◆ GIVEN RECORDS
......

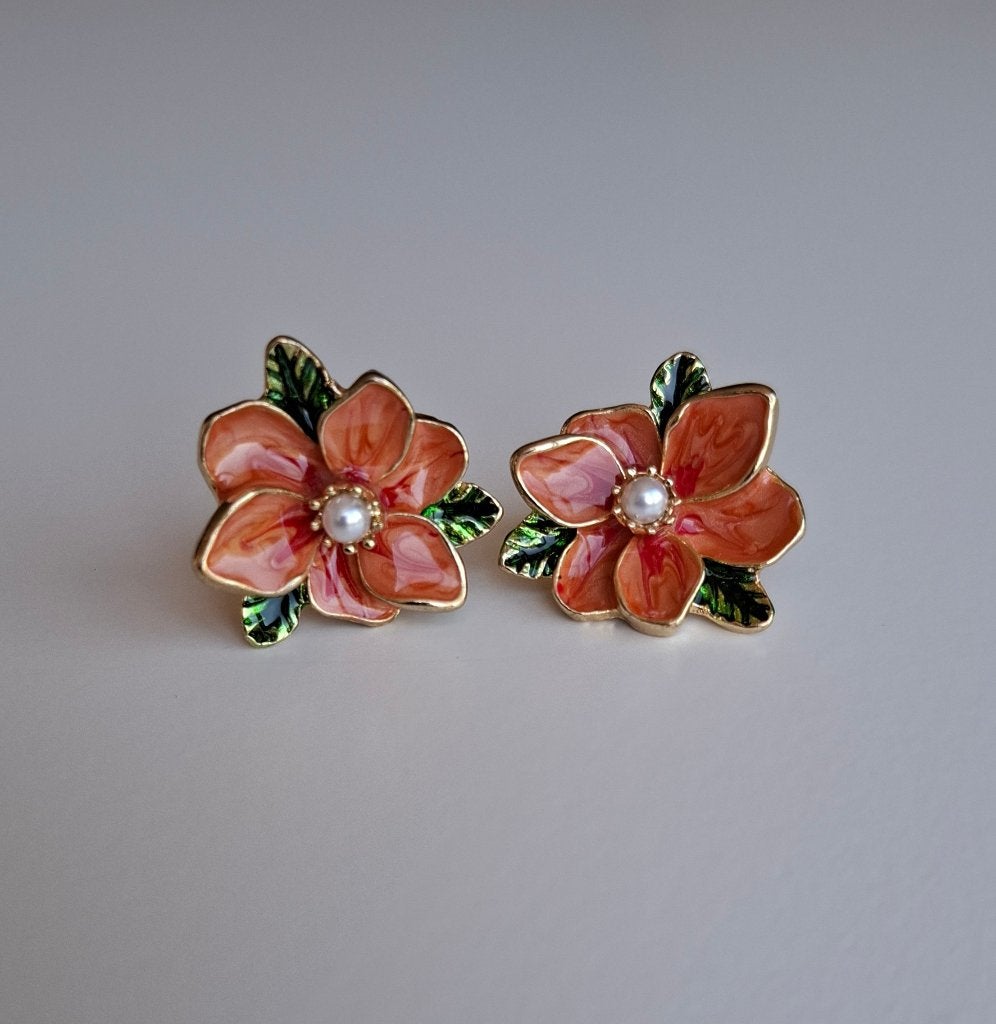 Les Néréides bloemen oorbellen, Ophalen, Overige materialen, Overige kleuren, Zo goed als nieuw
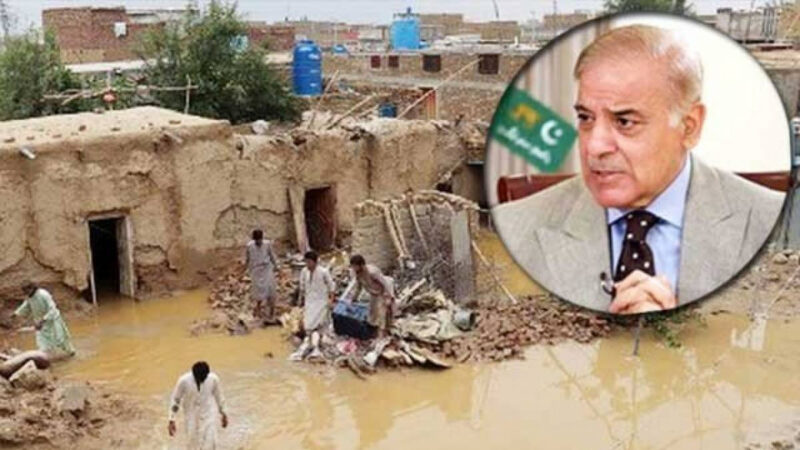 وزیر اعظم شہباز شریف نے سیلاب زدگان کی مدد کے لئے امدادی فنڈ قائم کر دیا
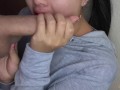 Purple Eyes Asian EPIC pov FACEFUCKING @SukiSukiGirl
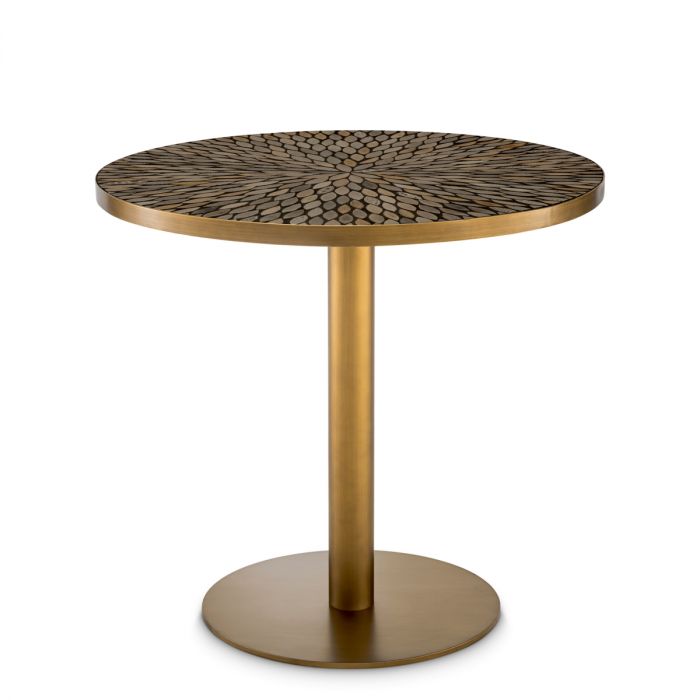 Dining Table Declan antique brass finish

......

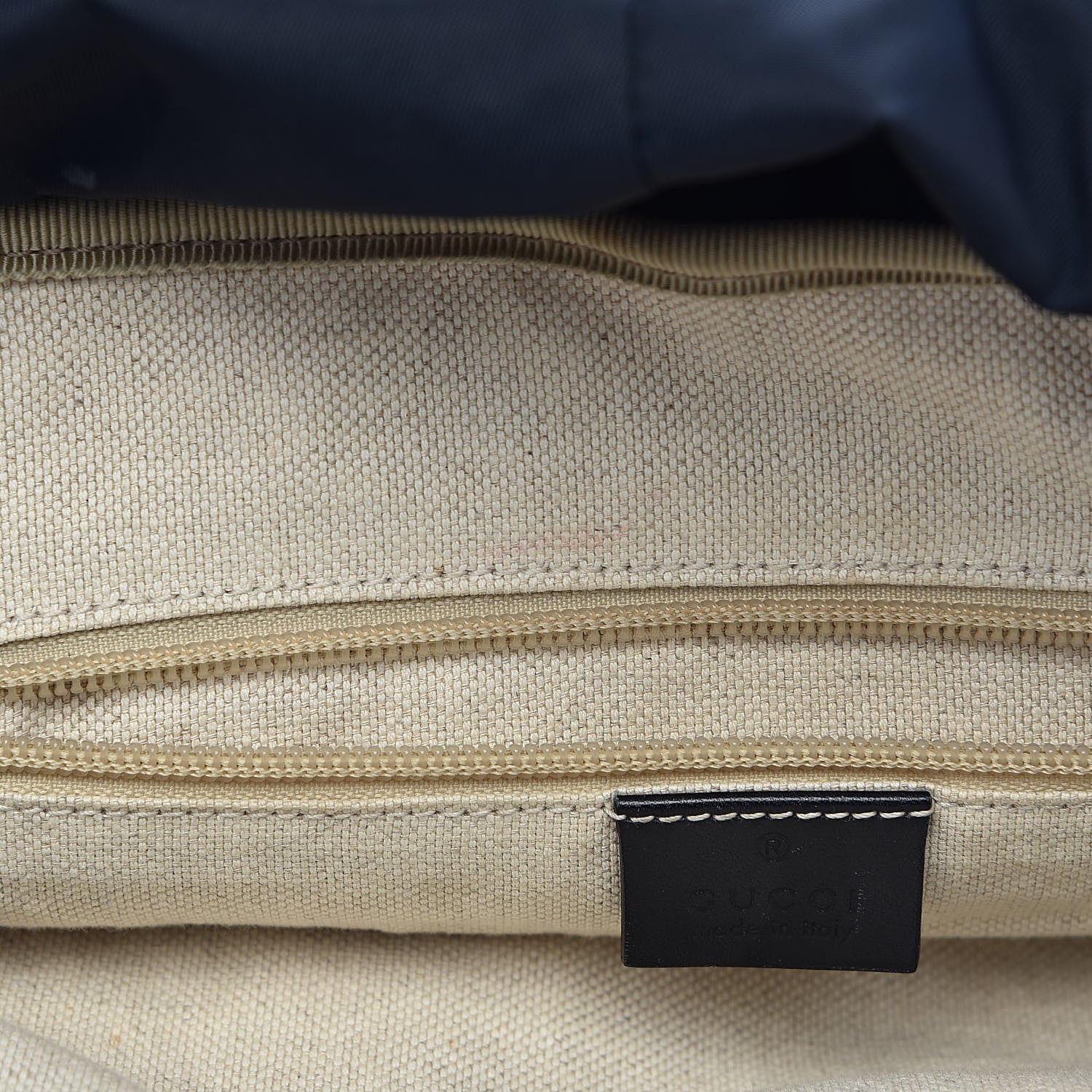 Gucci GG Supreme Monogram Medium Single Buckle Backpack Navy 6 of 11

......

◆ EXERCISE AIM
Repeat exactly, and only, the entries from the line with "Les Néréides bloemen" through the line with "Dining Table Declan antique brass finish". Pictures are skipped.

◆ SOLUTION TO THIS EXERCISE
 Les Néréides bloemen oorbellen, Ophalen, Overige materialen, Overige kleuren, Zo goed als nieuw
 وزیر اعظم شہباز شریف نے سیلاب زدگان کی مدد کے لئے امدادی فنڈ قائم کر دیا
 Purple Eyes Asian EPIC pov FACEFUCKING @SukiSukiGirl
 Dining Table Declan antique brass finish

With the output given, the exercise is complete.